GIRL’S HOME ECONOMIC CLASS 1934

The Girl’s Home Economic Class of the tenth grade, under the guidance of Miss Smith has been making Menus for the day and testing them by the following rules:

1.   Distribute the protein, carbohydrates and fats equally throughout the day

2.   Do not serve the same food twice in one day.

3.   Do not serve more than one strongly flavored food at a meal.

4.   Balance the soft, solid and crisp foods.

5.   Do not serve several acids or sweet foods at one meal.

6.   Season foods mildly, but tastily.

7.   Serve left-overs in a new form and always attractively.

8.   Greasy meats and vegetables and poorly seasoned foods are not appetizing.

9…Include daily —

(a)  One quart of milk for each child and one pint for adult.

(b)  Two vegetables besides potatoes. (one raw)

(c)   Two Fruits.  (one raw)

(d)  Whole ceral in some form.

(f)   One egg and a serving of meat for an adult.

10.  Serve light desserts,  as fruit or milk pudding with heavy meals.

11.  Serve heavy desserts, such as, pie or cake with light meals.

12.  Serve only one relish or jam at a meal.

13.  Avoid serving colorless meals.

14.  Plan simple meals.

15.  Consider the cost carefully.

 MINTED CARROTS

2 cups grated raw or cooked carrots
1 cup water
4 tablespoonfuls sugar
4 tablespoonfuls chopped mint leaves
4 tablespoonfuls butter

Cook the water and sugar until syrup like.  Stir in the butter and add the mint leaves.  Pour over the carrots and serve.

The family will not object to carrots when served in this interesting way.

The Pine Cone,
February 1934

STOVES

When coal stoves with ovens became more common-place and could be afforded, baking was a point of pride for most mountain households .  The regulation of heat in the coal oven was an art but once mastered the cook would rarely trade up for the newer ovens.  Electric ovens became a part of some households when the Tennessee Valley Authority (TVA) brought electricity to the Pine Mountain valley.  Through the Rural Electric Cooperative (REC), often referred to as the REA, or Rural Electric Association, a part of the New Deal programs of the late 1930s, many household routines changed, but life in the kitchen was very slow to change. While the electric stove became a regular household item following WWII it was slow to be adopted in the Appalachians.  Propane gas stoves were used by some mountain families, but by far the most frequent home stove found in mountain communities until well into the 1950’s, was the coal stove. 

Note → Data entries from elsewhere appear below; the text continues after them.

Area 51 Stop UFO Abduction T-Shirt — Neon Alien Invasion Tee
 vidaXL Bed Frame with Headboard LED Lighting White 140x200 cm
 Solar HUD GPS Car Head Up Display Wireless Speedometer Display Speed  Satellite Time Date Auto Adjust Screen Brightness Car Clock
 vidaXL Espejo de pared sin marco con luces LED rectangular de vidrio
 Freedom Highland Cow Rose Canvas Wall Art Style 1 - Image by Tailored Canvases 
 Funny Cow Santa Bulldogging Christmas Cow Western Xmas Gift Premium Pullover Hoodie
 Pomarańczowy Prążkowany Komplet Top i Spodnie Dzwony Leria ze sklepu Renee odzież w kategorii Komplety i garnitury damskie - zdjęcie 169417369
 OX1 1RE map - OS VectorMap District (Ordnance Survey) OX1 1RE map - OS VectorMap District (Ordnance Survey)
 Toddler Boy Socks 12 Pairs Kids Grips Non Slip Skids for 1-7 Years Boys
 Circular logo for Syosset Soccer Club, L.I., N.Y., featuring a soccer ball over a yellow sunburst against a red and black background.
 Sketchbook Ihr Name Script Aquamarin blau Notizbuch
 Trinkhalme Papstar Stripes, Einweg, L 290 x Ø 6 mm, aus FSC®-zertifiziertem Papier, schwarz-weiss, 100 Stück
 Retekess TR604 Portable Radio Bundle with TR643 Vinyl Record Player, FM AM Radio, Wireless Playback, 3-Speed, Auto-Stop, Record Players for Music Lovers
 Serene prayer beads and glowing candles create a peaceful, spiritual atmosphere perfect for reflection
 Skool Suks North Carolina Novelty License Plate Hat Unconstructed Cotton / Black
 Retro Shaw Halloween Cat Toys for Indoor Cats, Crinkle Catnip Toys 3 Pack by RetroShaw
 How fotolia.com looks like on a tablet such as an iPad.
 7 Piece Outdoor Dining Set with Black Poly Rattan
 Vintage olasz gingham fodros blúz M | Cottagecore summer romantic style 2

Pine Mountain was fortunate to have a superbly equipped kitchen in the Old Laurel  House and there the coal stove was a central source of fresh baked breads. The kitchen was staffed with a dietitian who was an important member of both the dietary health of the school and the homemaker educational programs during the Boarding School years.

The Pine Cone, Dec. 1934

MAPLE SUGAR MAKING IN THE KENTUCKY MOUNTAINS

“The time for making Maple sugar is during the months of February  and March.  The sap “startups” at this time.  The trees are “tapped” and the sap is collected in a pail. Tapping is accomplished by boring a hole in the tree, driving a spout in and hanging a bucket on it.  The sap looks like clear water but has a sweet taste.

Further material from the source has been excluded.